And yet they drone on, incessantly, about how much they are suffering and how
they are desperate to become healthy, happy, normal, serene.

The reason, according to Jodorowsky, is that they have been accustomed for so
long to their problems that they come to believe that their pain is a key
element of their identity, and they have a subconscious fear that getting
"better" would make themselves a different person. I.e. destroy or irrevocably
alter what they consider "a key element of being myself".

It is a bit like if we had Star Trek teleportation, and you would be reluctant
to use it (instead of traditional travel) because you feel like the person
coming up on the other side would not be "you" anymore. This would force you
to go to extreme, irrational lengths because you are ultimately scared of
death, and at the same time frustrated at having to spend so much time in a
shuttle or whatever.

This had a transforming effect on me because I suddenly realized why so many
people (including myself) seem unable to actually change their
habits/thoughts/feelings, even if they keep claiming they do not like their
situation and would do _anything_ to change it.
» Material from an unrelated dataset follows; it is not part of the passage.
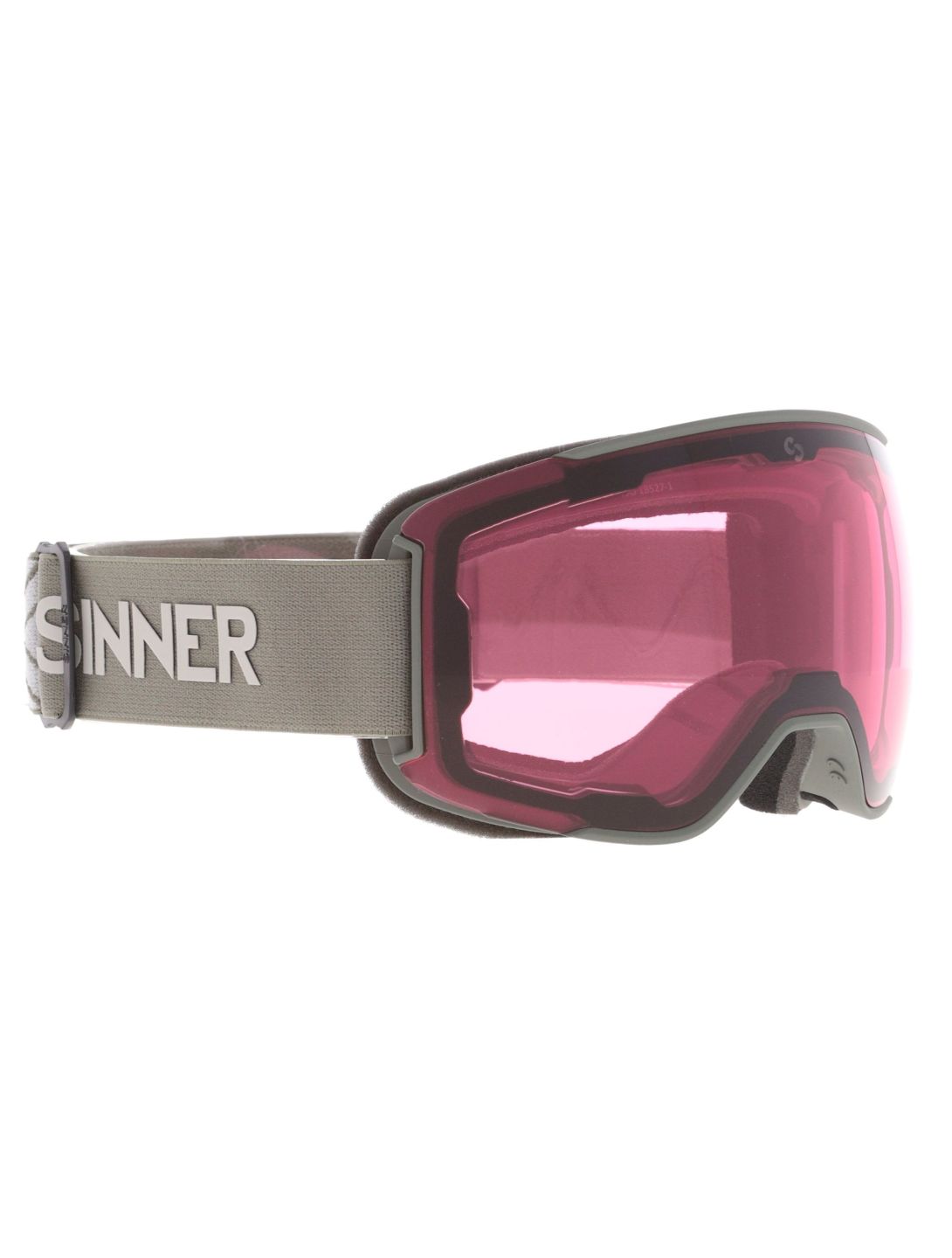 Sinner, Snowflake Skibrille extra Linse Unisex Matt Moss grün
It made me a bit less judgemental about others, if nothing else.

------
ophilbert
I don't remember where I read that but it was a simple idea that I use almost
every time I have to make an important decision

"What is the worst possible outcome? Would I be able to overcome this
scenario?"

We often struggle to do things because we are scared to make the leap but once
you put words on your fears you realise that it's not that big of a deal and
that you can do it.

------
alexpete
"Gödel, Escher, Bach" was my highschool sweetheart, although I probably
wouldn't spend another 800 pages on it again. But the overarching concept of
"emergence" (of formal systems) blew me away back then, and stuck with me in
all sorts of spindly ways since.

Highly relevant to today's political climate, "Authority and American Usage"
is an essay that's sometimes frustrating, but also one that I think everybody
should read. DFW establishes the idea of a "Democratic Spirit" as a sort of
worldview to speak and interact through. It's really good and important:
[https://www.docdroid.net/GCzeU6K/authority-and-american-
usag...](https://www.docdroid.net/GCzeU6K/authority-and-american-
usage.pdf.html)